Abstract

Should states have constitutional sovereign immunity in copyright and patent lawsuits? In Florida Prepaid, the Court said the answer is yes, but many have argued that this is (even setting aside the various textual, originalist, or precedential arguments) just plain silly. A simple analogy, critics suggest, proves this: Why should government-run UCLA be treated differently from privately-run USC? This short (8-page) article points to two alternative analogies that suggest sovereign immunity in such cases may not be so odd or unjust after all. First, why should state-run UCLA be treated differently from the federally-run Department of Defense?
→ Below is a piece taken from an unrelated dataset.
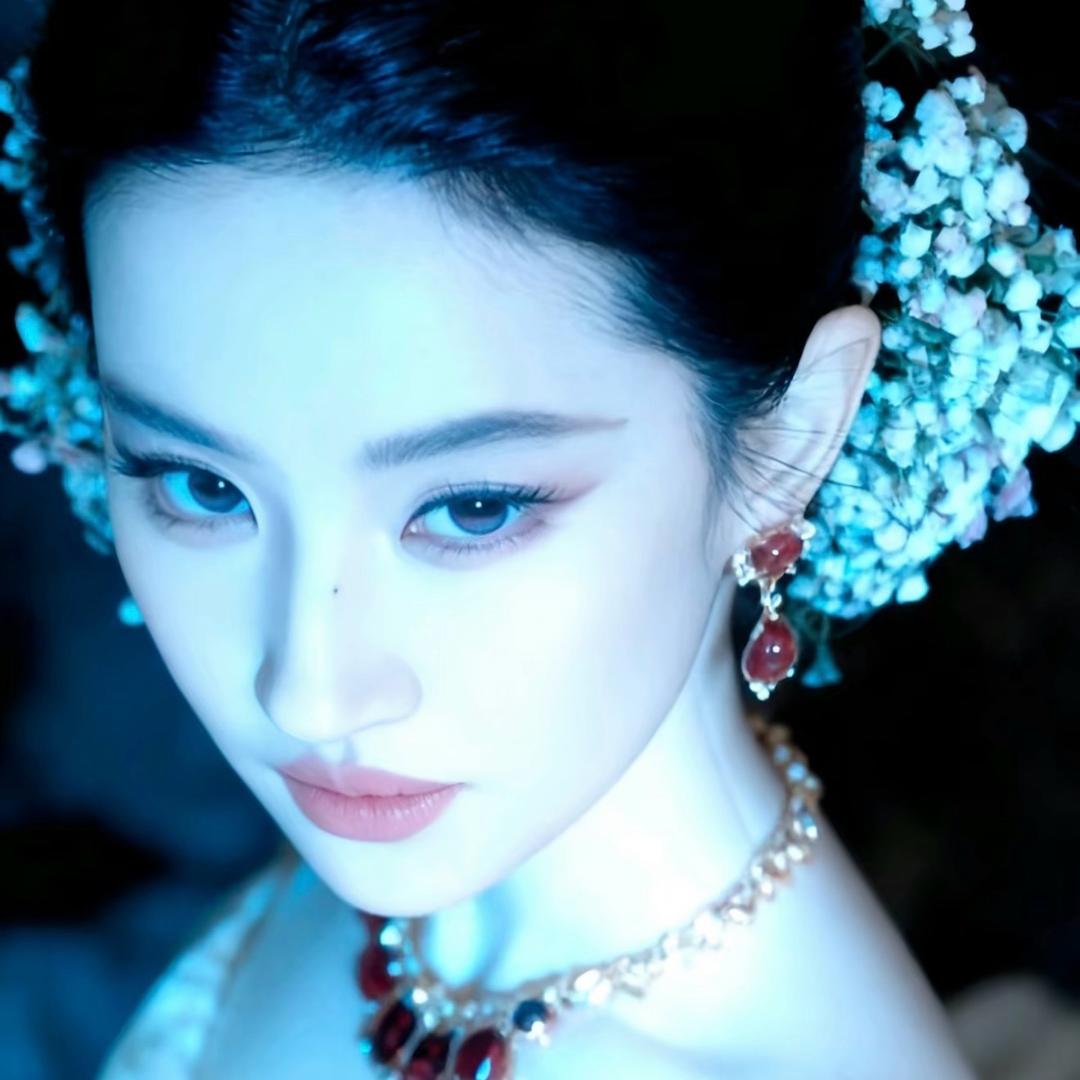 S-OuO（见过扁版）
The federal government has long asserted its sovereign immunity in copyright and patent cases, subject only to a Takings-Clause-based lawsuit for just compensation in the Court of Federal Claims. This, as it happens, is pretty close to what is left after Florida Prepaid for state infringements. Second, why should state infringements of intellectual property be treated differently from state infringements of real or personal property? Governments routinely interfere with private property rights, subject only to a Takings-Clause-based lawsuit for just compensation; and intellectual property hawks often argue that intellectual property rights should be entitled to the same respect as other property rights are. And Florida Prepaid leaves intellectual property owners in pretty much the same situation as other property owners. The article concludes that state sovereign immunity might or might not be constitutionally mandated or wise -- but that simple analogies between state government infringements and private infringements can't go far to resolve this matter.